Approach to March Revolution

Approach to March Revolution. The March Revolution in Russia found Lenin prepared to take the steps which he could rationalize either as completing the middle-class revolution or beginning a socialist revolution. It was no longer important to draw a sharp line, for revolutionary democratic dictatorship of the proletariat and the peasantry had brought him by stages to the conclusion that Trotsky reached in one jump, namely, that the two revolutions would merge. Watching affairs in Russia from exile in Switzerland, he quickly decided that this had indeed happened and that the progress of the revolution would be a transition to socialism.

It would indeed be a grave error if we tried now to fit the complex, urgent, rapidly unfolding practical tasks of the revolution into the Procrustean bed of a narrowly conceived theory.

Within a week of his arrival in Petrograd, therefore, he startled his followers by relegating to the archive of Bolshevik  pre-revolutionary antiques the idea which in 1905 he had said that a socialist must never forget, namely, that the democratic republic was the only possible road to socialism.
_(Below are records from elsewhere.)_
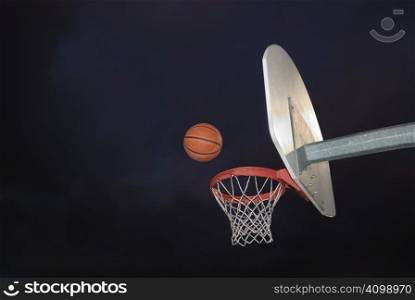 Basketball going into the hoop at an outdoor court in the dark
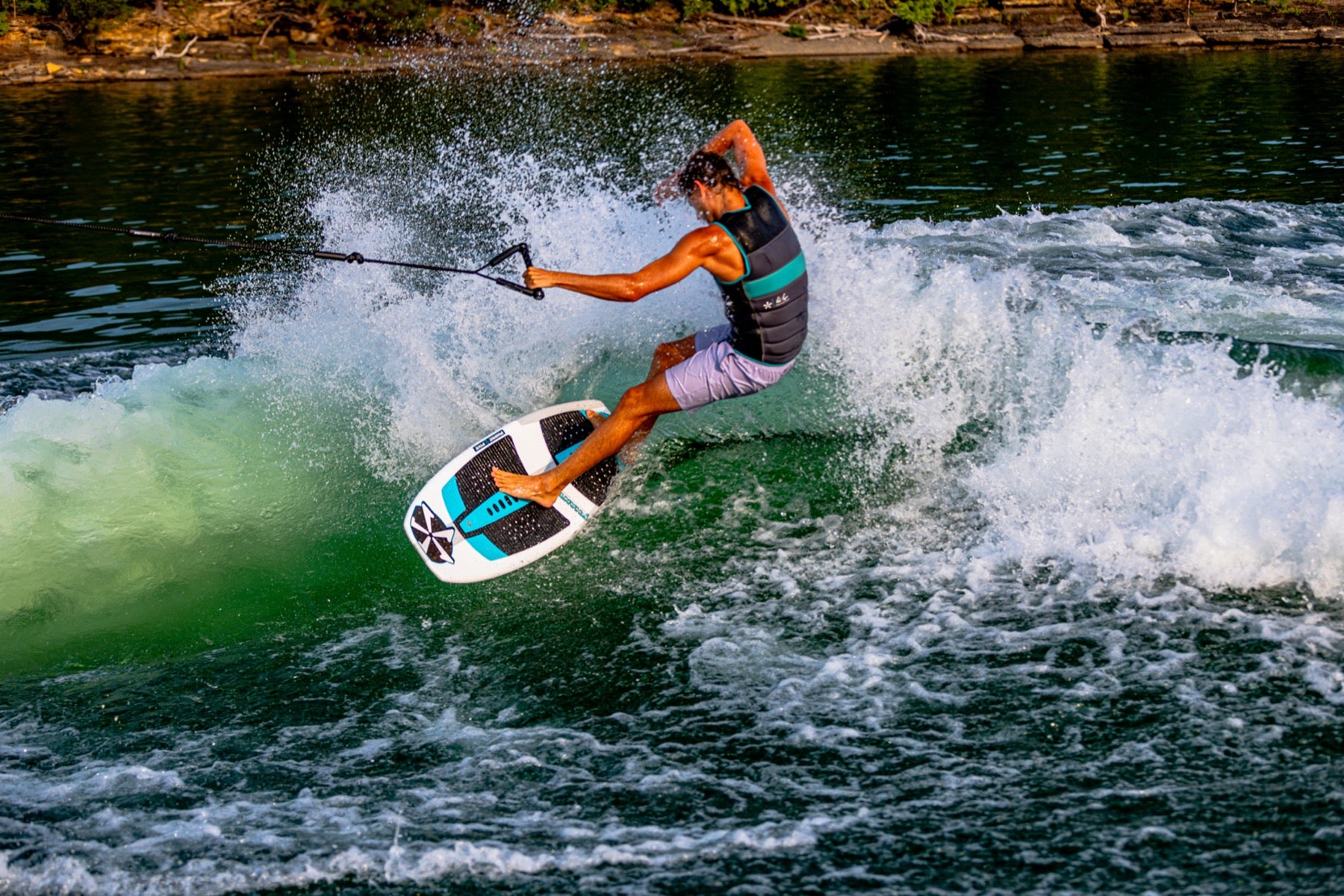 Phase Five rider carving across the wave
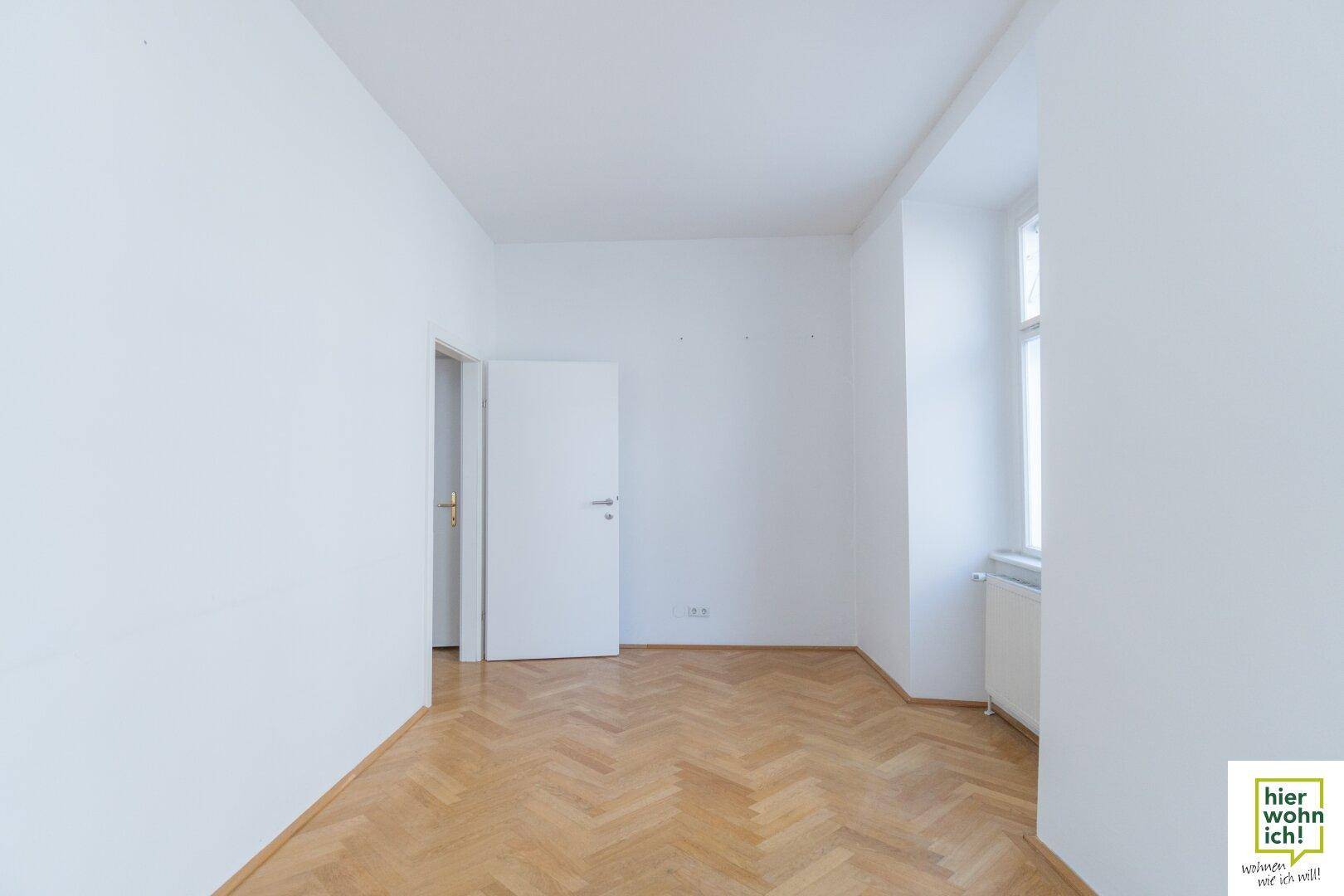 Heller Raum mit Fischgrätparkett und einer Tür, die zu einem weiteren Zimmer führt.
Life is more original than thought, and Marxism consists in keeping pace with the facts.

It is necessary to acquire that incontestable truth that a Marxist must take cognizance of living life, of the true facts of reality, that he must not continue clinging to the theory of yesterday, which, like every theory, at best only outlines the main and the general, only approximately embracing the complexity of life. . . . Whoever questions the completeness of the bourgeois revolution from the old viewpoint, sacrifices living Marxism to a dead letter. According to the old conception, the rule of the proletariat and peasantry, their dictatorship, can and must follow the rule of the bourgeoisie. In real life, however, things have turned out otherwise; an extremely original, new, unprecedented interlocking of one and the other has taken place.

In short, when the dialectic changes phase, a leader and a party must dare to gamble on the opportunity offered, and at the decisive moment You must be victorious. By April, 1917, Lenin was ready to believe that the moment had come; he was resolved to seize power when and If the enhances looked favorable.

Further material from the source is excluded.